Sex after menopause is indeed different. The days of entering her then recklessly pumping away until we cum together are gone forever. Nowadays, it takes more foreplay, more focus on her clitoris, more rimming and fingering her anus, etc. Sometimes this leads to PIV, other times mutual masturbation. We don't always cum, but we ALWAYS enjoy what we did. So our sex life is great.

My wife still finds me sexually attractive, in part because I feel like I need to continue earning her sexual interest in me. I take care of myself, dress nicely around her, and I mind my manners, etc.. I always try to be charming and interested in her. Not bored with her company. I think this helps a lot.
My wife uses a cream like that, and we use water based, food grade lube.

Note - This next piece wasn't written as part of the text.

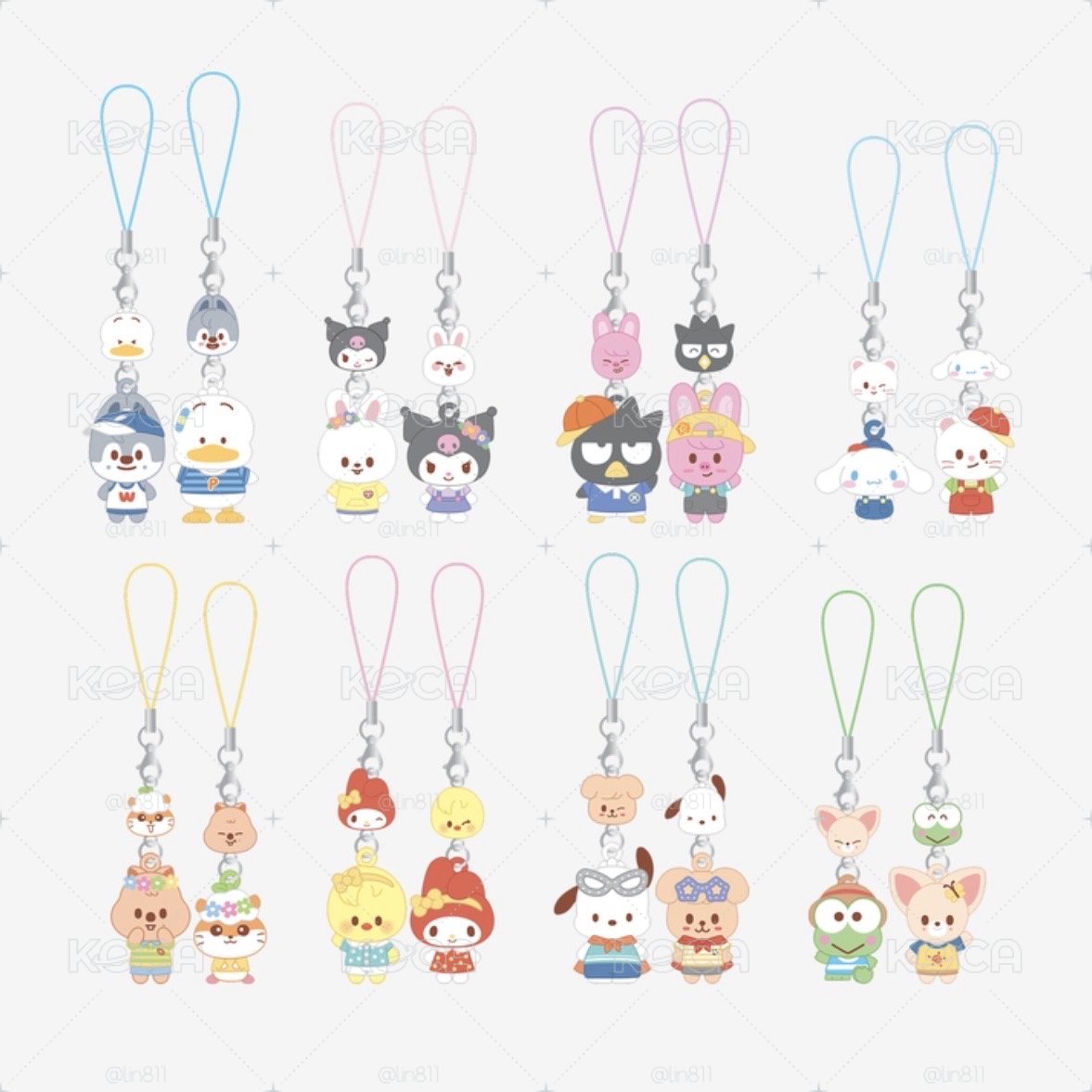 Skzoo x sanrio 小公仔吊飾set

I really missed her V last night, though. We'd teased eachother about protein for her earlier in the evening. Well, I came to bed right after her, but she was already out. Her standing order is for me to wake her up, not go to bed frustrated. She'd rather give me a BJ because it only takes 5-15m and it helps us both sleep. So I do and she's only on me perhaps 3 minutes and I really exploded! It was hard, long lasting, lots of squirts! It faded just a tad, and then I felt like I was going to cum again! That hasn't happened in a long time, though there are times I think I might, but don't. But this time it really felt like I was going to! So I started fucking her mouth, not too deep, which she likes. But being she was tired and mouth probably full of cum (I couldn't tell if she'd swallowed yet) I kept feeling her dang teeth! I needed the grip of her pussy and the keep moving to cum again, but instead I had her loose mouth and pain from scraping her teeth every stroke! It was like I had a great orgasm followed but a "ruined" one! I had to stop.

She apologized and said our angles got messed up and she couldn't keep her teeth off me. Obviously, I'm not going to criticize her, but man, I really needed her pussy last night!